Y lo que nos resulta más elocuente, se proponen mostrar el país plural en la singularidad de sus historias. “Contar la vida y contarla con gusto”, agregan. Y lo logran. Es un ejemplo de las nuevas maneras de cómo el periodismo, la literatura, la memoria y el testimonio sencillo se reúnen en esta época de cambios, sufrimientos, resistencias y alegrías, que estamos viviendo.
Una de las muchas ideas buenas de La Vida de Nos ha sido crear lo que ellos llaman “embajadas”. Es decir, extensiones del proyecto para que comunidades de la migración venezolana puedan conversar presencialmente, saludándose, abrazándose, mirándose a los ojos, sobre las crónicas producidas dentro y fuera de su país. Ya hay embajadas en Bogotá, Buenos Aires, Madrid y Ciudad de Panamá.
La “embajadora” en Bogotá es Luz Marina Rivas, una académica extraordinaria, nacida en Colombia, formada en Venezuela, egresada de la UCV, donde ha dirigido maestrías y doctorados; una estudiosa serena, laboriosa, modesta y brillante que hoy dirige la maestría de Literatura y Cultura en el Instituto Caro y Cuervo de Bogotá.

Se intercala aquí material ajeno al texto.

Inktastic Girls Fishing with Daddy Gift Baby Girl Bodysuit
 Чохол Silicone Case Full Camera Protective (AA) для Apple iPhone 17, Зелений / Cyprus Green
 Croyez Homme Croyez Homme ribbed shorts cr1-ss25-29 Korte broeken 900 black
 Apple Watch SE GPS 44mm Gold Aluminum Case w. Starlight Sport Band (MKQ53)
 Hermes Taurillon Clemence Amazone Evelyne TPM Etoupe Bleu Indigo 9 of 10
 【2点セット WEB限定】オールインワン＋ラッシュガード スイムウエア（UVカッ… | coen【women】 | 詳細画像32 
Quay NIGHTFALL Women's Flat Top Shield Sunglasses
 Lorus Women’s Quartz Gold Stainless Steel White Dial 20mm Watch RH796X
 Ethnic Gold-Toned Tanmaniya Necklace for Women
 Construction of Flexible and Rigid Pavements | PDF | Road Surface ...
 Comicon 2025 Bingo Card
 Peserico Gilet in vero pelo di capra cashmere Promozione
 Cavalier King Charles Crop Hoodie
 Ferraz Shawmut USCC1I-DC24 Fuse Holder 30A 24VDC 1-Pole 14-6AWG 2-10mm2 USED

El sábado pasado, último de octubre, la “embajadora” Rivas mezcló dos formatos. Primero el grupo –siempre lúcido, sereno y cariñoso– conversó sobre un texto titulado “Dejar el Caribe, buscar sosiego, emigrar erráticos”, de Johanna Osorio Herrera. Luego, me invitó a hablar sobre el exilio.
En mi caso no revisamos un texto ya publicado. Fue una conversación libre a partir de la experiencia personal de perseguido político desde el día cuando el presidente espurio declaró en cadena nacional que mi persona y el conocido y apreciado comunicador César Miguel Rondón deberíamos estar presos.
Una conversa muy animada por los principios narrativos de La Vida de Nos, en la que abordamos temas tormentosos que por primera vez me animé a tratar en público. Primero hablamos de la diferencia entre ser inmigrante y ser exiliado. La idea, certificada por los organismos internacionales, de que el inmigrante siempre puede regresar a su país, nada se lo impide, mientras que el exiliado lo tiene prohibido, ya sea porque su libertad y su propia vida corren peligros potenciales, o porque sobre él pesan amenazas concretas de cárcel. O incluso de muerte.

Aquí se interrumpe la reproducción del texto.